Recently I finished reading the excellent book Roller Skating with Rickets by Jessica Jondle, a woman in her thirties living with cystinosis. It recounts her life with the disease, her struggles, many accomplishments and unwavering determination to not let cystinosis define who she is or what she can do. As soon as I heard about this book I knew I needed to read it as I’ve been dying to hear an honest account of what it’s really like to live with cystinosis and I was not disappointed.
In the early chapters my heart went out to her parents as they struggled for months not knowing what was wrong before finally learning their sweet baby girl had cystinosis. Jessica was diagnosed the same year I was born and the advancements in treatment and technology have been incredible. Back in 1983 cysteamine therapy (the drug that is in Cystagon) was just a clinical trial where parents had to be brave enough to enroll their children, although the alternative was well known, their child would most likely not live past 10 years old. Without the internet or online support groups readily available her parents would participate in round robin letters where they would write about what was happening for them and then mail it on to another parent whose child had cystinosis, who would do the same, until all the letters made their rounds.
Of course there were other tear jerkers in the book as well. Near the end when Jessica looks back at a picture of her and three other women with cystinosis at a conference only to tell us that she is now the only one still living really hit home. Or when she admits that she didn’t take her Cystagon during her whole time at college, which is one of my worst fears right now! But at least she later came to regret that decision.
However what makes this book great is how truly inspirational Jessica is. From a very young age she was determined to not let cystinosis hold her back (like going roller skating even though she had rickets). In fact whenever someone told her she probably wouldn’t be able to do something because of her disease or treatment she was even more determined to prove them wrong. And although sometimes that determination may not have been the best choice it is certainly something to be admired and something I know Elsie displays as well.

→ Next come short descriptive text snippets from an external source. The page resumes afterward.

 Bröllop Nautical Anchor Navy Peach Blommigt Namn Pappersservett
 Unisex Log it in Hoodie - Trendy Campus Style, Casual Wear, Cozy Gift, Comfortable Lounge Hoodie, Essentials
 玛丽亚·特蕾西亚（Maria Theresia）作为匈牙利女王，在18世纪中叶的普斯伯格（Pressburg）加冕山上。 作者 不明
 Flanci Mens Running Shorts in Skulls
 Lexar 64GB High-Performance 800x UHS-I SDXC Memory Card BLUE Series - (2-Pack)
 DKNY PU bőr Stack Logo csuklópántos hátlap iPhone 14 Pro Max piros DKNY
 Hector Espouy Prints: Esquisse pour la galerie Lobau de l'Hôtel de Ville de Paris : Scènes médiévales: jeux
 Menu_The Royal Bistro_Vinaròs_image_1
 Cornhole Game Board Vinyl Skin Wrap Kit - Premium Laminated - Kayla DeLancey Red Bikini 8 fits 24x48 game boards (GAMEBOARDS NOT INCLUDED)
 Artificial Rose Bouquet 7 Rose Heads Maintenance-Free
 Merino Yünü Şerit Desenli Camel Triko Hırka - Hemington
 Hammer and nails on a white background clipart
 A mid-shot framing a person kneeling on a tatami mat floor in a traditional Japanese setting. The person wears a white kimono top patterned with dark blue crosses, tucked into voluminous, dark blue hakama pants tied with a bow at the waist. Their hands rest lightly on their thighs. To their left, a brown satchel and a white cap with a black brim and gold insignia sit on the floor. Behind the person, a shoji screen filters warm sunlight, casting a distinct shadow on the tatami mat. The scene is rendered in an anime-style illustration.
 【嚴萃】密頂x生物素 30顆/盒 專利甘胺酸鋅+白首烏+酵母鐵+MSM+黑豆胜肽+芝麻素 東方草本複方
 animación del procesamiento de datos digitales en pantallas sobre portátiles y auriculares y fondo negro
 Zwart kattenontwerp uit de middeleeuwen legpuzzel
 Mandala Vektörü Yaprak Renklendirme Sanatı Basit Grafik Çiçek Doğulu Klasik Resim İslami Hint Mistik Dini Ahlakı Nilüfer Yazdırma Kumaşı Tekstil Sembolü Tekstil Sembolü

I am so happy that Elsie will be able to read this book when she gets older and know that she is not alone. To hopefully learn from some of Jessica’s mistakes without making them herself, but most of all to have someone so inspirational to look up to is just awesome.
It’s also a good read for anyone not affected by cystinosis. At the end of each chapter she challenges us to examine our lives and see how we might let go, let others in, and just be better. There are so many lessons that can be learned just by simply reading this book and being honest with yourself.
Jessica and her husband recently completed a 2 week, 221 mile hike of the John Muir Trail in California to raise money for the Cystinosis Research Network. Their commitment to the cystinosis community was awe inspiring and Dave and I were more than happy to support them on their quest. She even added pictures of people with cystinosis to her backpack as inspiration to keep going. I for one am so thankful that people like Jessica exist in our community and I urge everyone to go out and read Rollerskating With Rickets now!